The body or frame of the microscope serves to hold its four basic components in place: (1) the optical tube with its lenses (eyepieces and objectives), (2) a stage on which the specimen is placed for viewing, (3) a condenser to focus light onto the specimen, and (4) an illumination source. Each component and its unique features are discussed next.


Whereas some microscopes have only one eyepiece (monocular), those used in most clinical laboratories have two eyepieces (binocular). However, when using a monocular microscope, always view with both eyes open to reduce eyestrain. Initially this may be difficult, but with practice the image seen by the unused eye will be suppressed. With a binocular microscope, adjustments to the oculars are necessary to ensure optimal viewing. The interpupillary distance of the eyepiece tubes is adjusted by simply sliding them together or apart. Because vision in both eyes is usually not the same, each individual eyepiece is adjustable to compensate, using the diopter adjustment. To adjust the eyepieces, first view the image using only the right eye and eyepiece. Look at a specific spot on the specimen, and bring it into sharp focus using the fine adjustment knob. Next, close the right eye, and while looking with the left eye through the left eyepiece, rotate the diopter adjustment ring on this eyepiece until the same spot on the specimen is also in sharp focus (Fig. 18.3). Each technologist must make the interpupillary and diopter adjustments to suit his or her eyes. To eliminate eyestrain or tired eyes when performing microscopic work, always look through the microscope with eyes relaxed, and continually focus and refocus the microscope as needed using the fine adjustment control.

Eyeglass wearers should consider keeping their glasses on when performing microscopic work. Rubber guards are available that fit over the eyepieces and prevent scratching of the eyeglasses. People with only spherical corrections (nearsighted or farsighted) can work at the microscope without their glasses. Focus adjustments of the microscope compensate for these visual defects. However, those with an astigmatism that requires a toric lens for correction should do microscopic work while wearing their eyeglasses, because the microscope cannot compensate for this. To determine whether eyeglasses have any toric correction in them, hold the glasses in front of some lettering at arm’s length. The eyeglass will magnify or reduce the lettering. Now, rotate the glasses 45 degrees. If the lettering changes in length and width, the glasses contain toric correction and should be worn when one uses the microscope; if the lettering does not change, the eyeglasses have only spherical correction and do not need to be worn for microscopic work.

Mechanical Stage

The microscope mechanical stage is designed to hold firmly in place the slide to be examined. The stage has conveniently located adjustment knobs to move the slide front to back and side to side. When viewing the slide, the user views the image upside down. Moving the slide in one direction causes the image to move in the opposite direction. Some stages have a vernier scale on a horizontal and a vertical edge to facilitate relocation of a particular FOV. By recording the horizontal and vertical vernier scale values, the slide can be removed and at a later time placed back onto the stage and the identical FOV can be found and reexamined.

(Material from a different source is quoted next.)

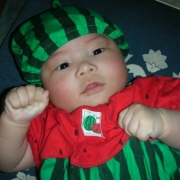 「０歳児から入園☆」★アルバムブックお試しキャンペーン★入園・入学のベストショット大募集！の投稿画像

The condenser, located beneath the mechanical stage, consists of two lenses (Fig. 18.4). The purpose of the condenser is to evenly distribute and optimally focus light from the illumination source onto the specimen. This is achieved by adjusting the condenser up or down using the condenser adjustment knob. The correct position of the condenser is always at its uppermost stop; it is slightly lowered only with Köhler illumination. The aperture diaphragm, located at the base of the condenser, regulates the beam of light presented to the specimen. The aperture diaphragm is usually an iris diaphragm made up of thin metal leaves that can be adjusted to form an opening of various diameters. Some microscopes use a disk diaphragm, consisting of a movable disk with openings of various sizes, for placement in front of the condenser (Fig. 18.5). The purpose of the aperture diaphragm is to control the angle of the illumination light presented to the specimen and the objective lens. When the user properly adjusts the aperture diaphragm, he or she achieves maximal resolution, contrast, and definition of the specimen. One of the most common mistakes is to use the aperture diaphragm to reduce the brightness of the image field; in so doing, resolution is decreased. Instead, the user should decrease the light source intensity or place a neutral density filter over the source.

Illumination System

Microscopes today usually have a built-in illumination system. The light source is a tungsten or tungsten-halogen lamp located in the microscope base. These lamps often are manufactured specifically to ensure alignment of the lamp filament when a bulb requires changing. Dual controls are usually available: one to turn the microscope on, and another to adjust the intensity of the light. One should adjust the illumination intensity at the light source by turning down the lamp intensity or by placing neutral density filters over the source. Neutral density filters do not change the color of the light but reduce its intensity. The filters are marked to indicate the reduction made; for example, a neutral density of 25 allows 75% of the light to pass. Some microscopes come with a daylight blue filter that makes the light slightly bluish. This color has been found to be restful to the eyes and is desirable for prolonged microscopic viewing.

Most clinical microscopes have a field diaphragm located at the light exit of the illumination source. The purpose of this diaphragm is to control the diameter of the light beam that strikes the specimen. The diaphragm is an iris type that when properly adjusted is just slightly larger than the FOV and serves to reduce stray light. See Box 18.1 for a procedure used to properly adjust a microscope for optimal viewing.

Box 18.1

Binocular Microscope Adjustment Procedure With Köhler Illumination

Preparing the Microscope

Interpupillary Adjustment

Diopter Adjustment

Condenser Adjustment

(Note: If at any point during adjustment the light intensity is very bright and uncomfortable, decrease the lamp voltage or insert a neutral density filter.)

Condenser Height and Centration

Field Diaphragm Adjustment

Condenser Aperture Diaphragm Adjustment


The objectives are the most important optical components of the microscope because they produce the primary image magnification. The objectives are located on a rotatable nosepiece; only one objective is used at a time. Objectives are easily changed by simple rotation of the nosepiece; however, each objective has a different working distance, that is, the distance between the objective and the coverslip on the slide. This working distance decreases as the magnification of the objective used increases; for example, a ×10 objective has a working distance of 7.2 mm, whereas a ×40 objective has only 0.6-mm clearance. Therefore to prevent damage to the objective or to the slide that is being observed, care must be taken when changing or focusing objectives.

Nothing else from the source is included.